Nesse aspecto, A Lei Complementar nº 64/90, traz, na alínea “e”, do artigo 1º, inciso I, de modo objetivo, a previsão de inelegibilidade, em resumo, daqueles “que forem condenados, em decisão transitada em julgado ou proferida por órgão judicial colegiado, desde a condenação até o transcurso do prazo de 8 (oito) anos após o cumprimento da pena”, para determinados crimes, incluindo, neste rol, os crimes praticados contra a administração pública e o patrimônio público, de lavagem ou ocultação de bens, direitos e valores, etc. 

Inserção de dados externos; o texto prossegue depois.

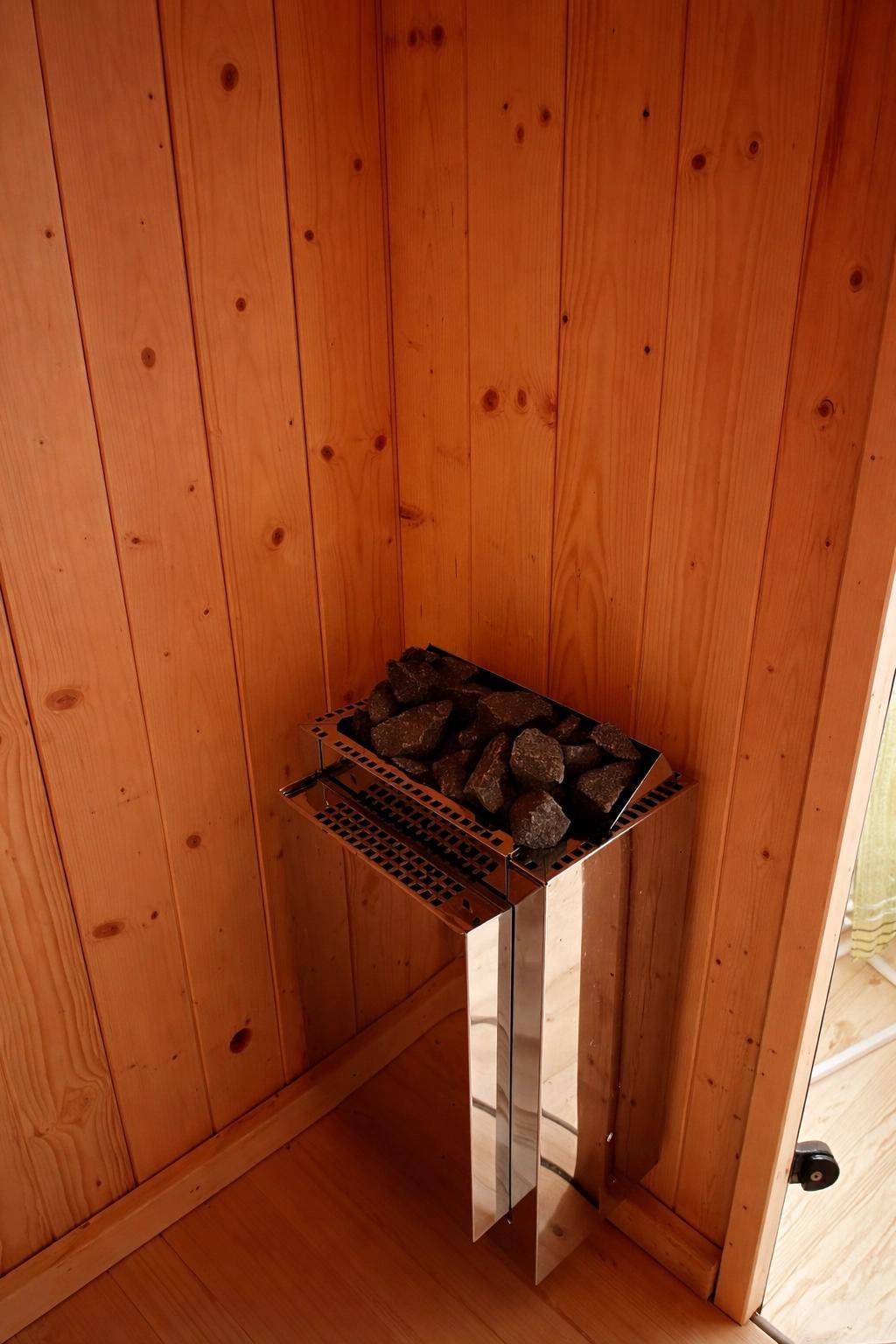 Saunaofen mit Steinen in einer holzvertäfelten Kabine, bereit zur Nutzung.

Desse modo, com as condenações do ex-presidente Lula em segunda instância, por órgão colegiado da Justiça Federal, decorrentes da Operação Lava-Jato, este se tornou inelegível para as eleições que ocorressem até 8 (oito) anos após o cumprimento das penas aplicadas, causa restritiva que foi considerada quando do seu Requerimento de Registro de Candidatura nas Eleições de 2018, conforme expressamente declarado pelo Tribunal Superior Eleitoral. 

Fato é que a norma insculpida na alínea “e”, da Lei da Ficha Limpa, indica que a inelegibilidade é um efeito automático da decisão colegiada de segunda instância, por haver, até então, condenação, no caso, por crimes contra à Administração Pública e de lavagem de dinheiro, não havendo necessidade, no caso, como dito acima, da análise pela Justiça Eleitoral da ocorrência de dolo ou qualquer outro requisito, bastando a simples ocorrência da condenação criminal colegiada. 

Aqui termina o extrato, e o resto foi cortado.